> Recorded information:
────────────────
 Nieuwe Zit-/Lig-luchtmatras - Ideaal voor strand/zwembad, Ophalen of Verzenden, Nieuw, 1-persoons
────────────────
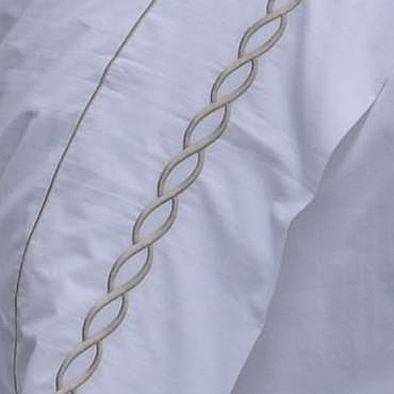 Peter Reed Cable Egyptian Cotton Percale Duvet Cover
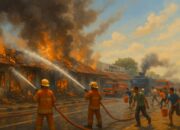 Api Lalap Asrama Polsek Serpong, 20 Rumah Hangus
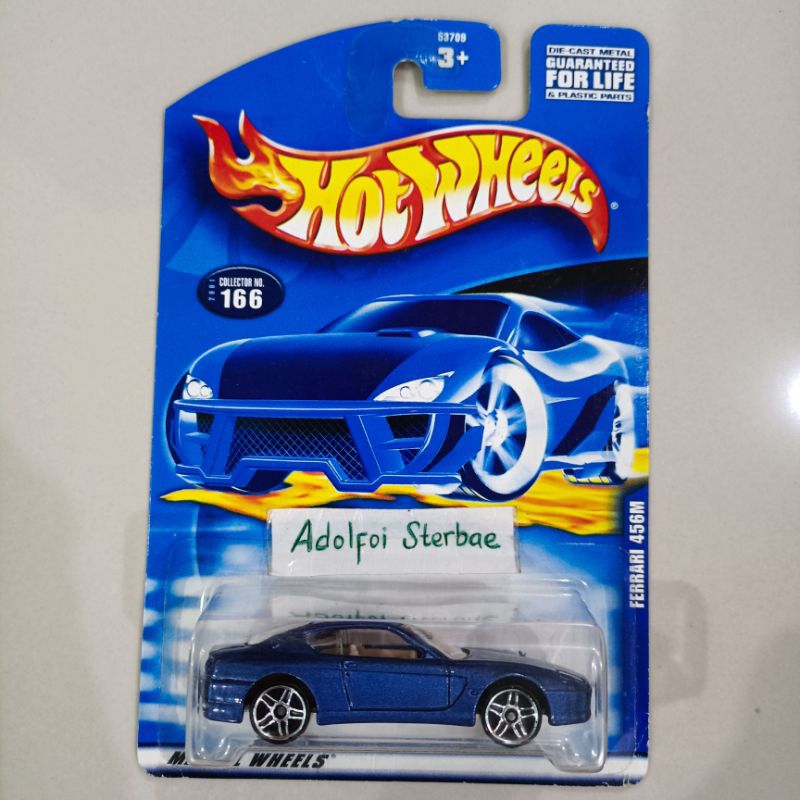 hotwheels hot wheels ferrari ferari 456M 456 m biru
────────────────
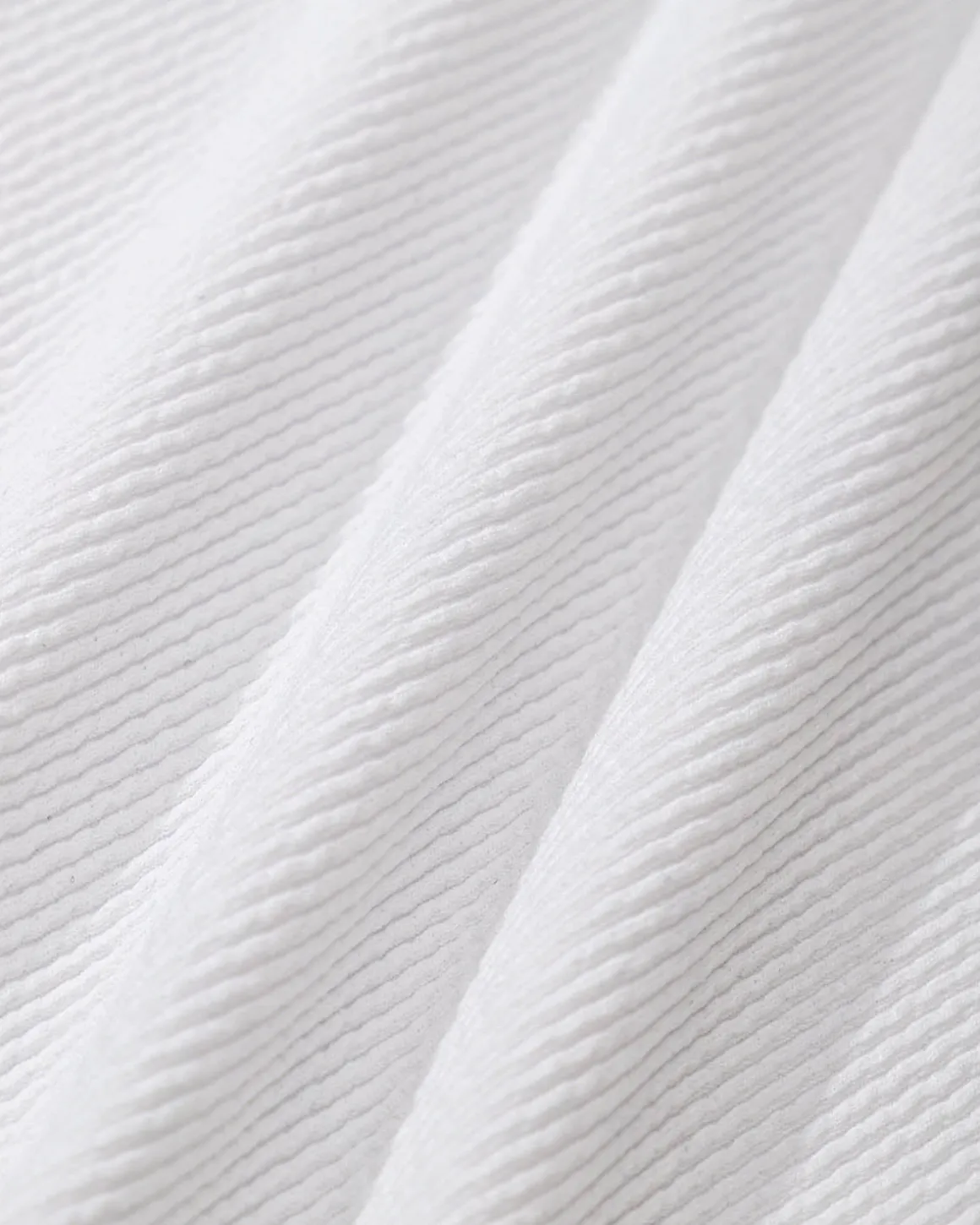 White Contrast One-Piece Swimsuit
────────────────
> How to complete this task:
Retype the lines above exactly as they appear, from the line containing "Api Lalap Asrama" through the line containing "hotwheels hot wheels", and leave out any pictures.

> Answer area:
 Api Lalap Asrama Polsek Serpong, 20 Rumah Hangus
 hotwheels hot wheels ferrari ferari 456M 456 m biru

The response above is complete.